> [Work order]: From the line containing "فروش پژو ۴۰۵" down to the last line of the records below, restate each line word for word and leave out the rest.

Data for review: Begin

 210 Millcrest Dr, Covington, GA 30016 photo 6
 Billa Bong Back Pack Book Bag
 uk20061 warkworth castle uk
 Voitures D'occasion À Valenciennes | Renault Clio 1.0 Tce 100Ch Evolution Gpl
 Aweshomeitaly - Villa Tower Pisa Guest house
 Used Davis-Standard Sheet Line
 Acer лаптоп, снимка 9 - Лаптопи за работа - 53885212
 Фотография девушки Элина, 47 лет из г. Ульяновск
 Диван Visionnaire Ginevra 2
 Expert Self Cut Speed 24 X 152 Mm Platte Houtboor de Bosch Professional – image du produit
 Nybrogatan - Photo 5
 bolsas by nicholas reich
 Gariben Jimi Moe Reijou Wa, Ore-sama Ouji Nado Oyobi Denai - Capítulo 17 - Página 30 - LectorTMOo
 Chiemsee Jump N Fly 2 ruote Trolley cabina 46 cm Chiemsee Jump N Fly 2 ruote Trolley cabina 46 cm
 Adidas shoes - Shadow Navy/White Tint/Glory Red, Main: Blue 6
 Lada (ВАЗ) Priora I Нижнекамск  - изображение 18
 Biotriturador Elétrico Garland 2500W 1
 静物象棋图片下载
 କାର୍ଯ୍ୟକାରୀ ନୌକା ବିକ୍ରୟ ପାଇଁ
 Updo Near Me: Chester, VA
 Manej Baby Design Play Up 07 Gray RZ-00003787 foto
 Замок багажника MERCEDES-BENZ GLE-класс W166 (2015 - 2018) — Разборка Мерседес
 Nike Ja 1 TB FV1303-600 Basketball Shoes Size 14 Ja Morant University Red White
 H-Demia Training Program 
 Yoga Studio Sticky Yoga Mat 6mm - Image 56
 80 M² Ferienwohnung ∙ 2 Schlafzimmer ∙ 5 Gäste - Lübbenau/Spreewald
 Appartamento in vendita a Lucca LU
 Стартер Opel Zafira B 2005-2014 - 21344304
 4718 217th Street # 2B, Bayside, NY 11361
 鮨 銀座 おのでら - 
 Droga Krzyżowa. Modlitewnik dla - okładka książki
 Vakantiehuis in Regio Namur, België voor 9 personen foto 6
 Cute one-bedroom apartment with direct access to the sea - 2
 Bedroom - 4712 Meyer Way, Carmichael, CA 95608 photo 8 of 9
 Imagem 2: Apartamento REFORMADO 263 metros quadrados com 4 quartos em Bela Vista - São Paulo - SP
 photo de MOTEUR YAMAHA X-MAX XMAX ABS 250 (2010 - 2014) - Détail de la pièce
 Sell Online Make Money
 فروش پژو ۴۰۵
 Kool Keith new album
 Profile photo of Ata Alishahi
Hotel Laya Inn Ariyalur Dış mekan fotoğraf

Data for review: End

> [Reply]:
 فروش پژو ۴۰۵
 Kool Keith new album
 Profile photo of Ata Alishahi
Hotel Laya Inn Ariyalur Dış mekan fotoğraf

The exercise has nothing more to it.